**TO DO:** Produce an exact transcription of the data, with the images left out.

*** DATASET EXTRACT Section Begins ***

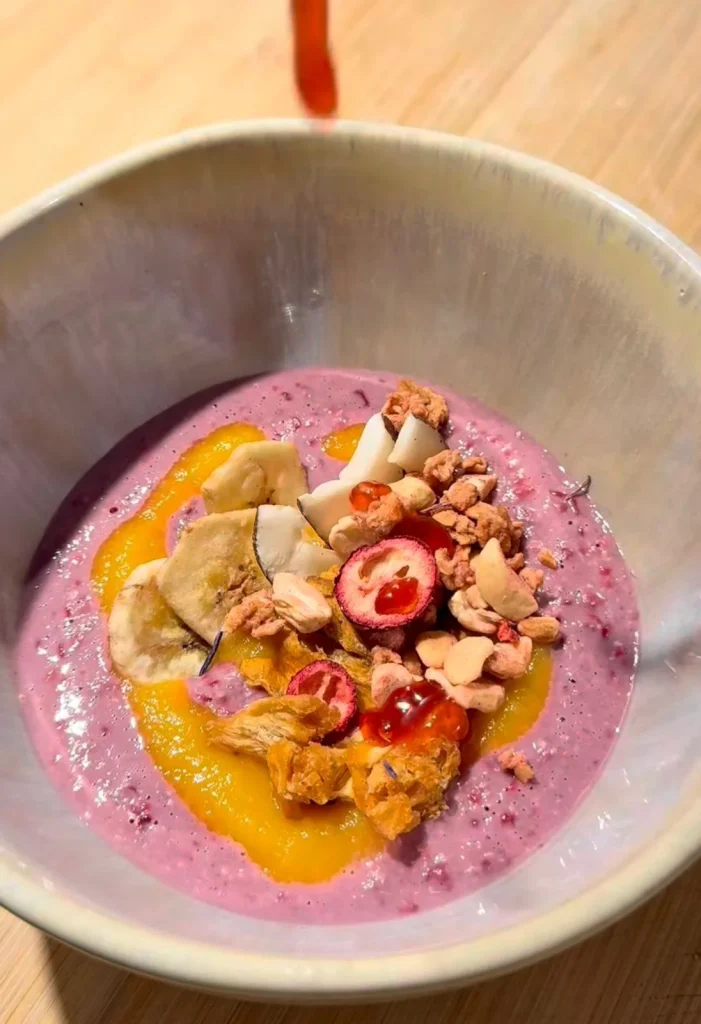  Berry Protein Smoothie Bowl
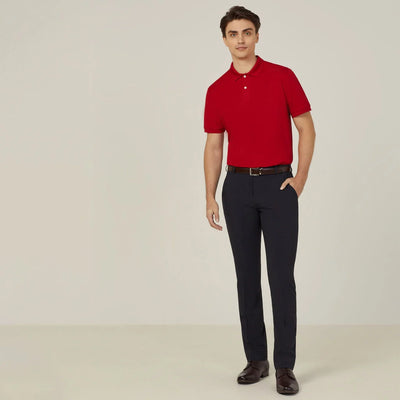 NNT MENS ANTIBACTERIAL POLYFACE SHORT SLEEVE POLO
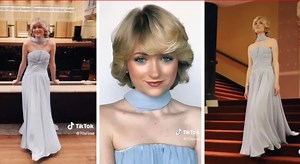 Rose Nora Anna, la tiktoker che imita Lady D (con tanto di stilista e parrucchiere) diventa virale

*** DATASET EXTRACT Section Ends ***

**YOUR RESPONSE:**
  Berry Protein Smoothie Bowl
 NNT MENS ANTIBACTERIAL POLYFACE SHORT SLEEVE POLO
 Rose Nora Anna, la tiktoker che imita Lady D (con tanto di stilista e parrucchiere) diventa virale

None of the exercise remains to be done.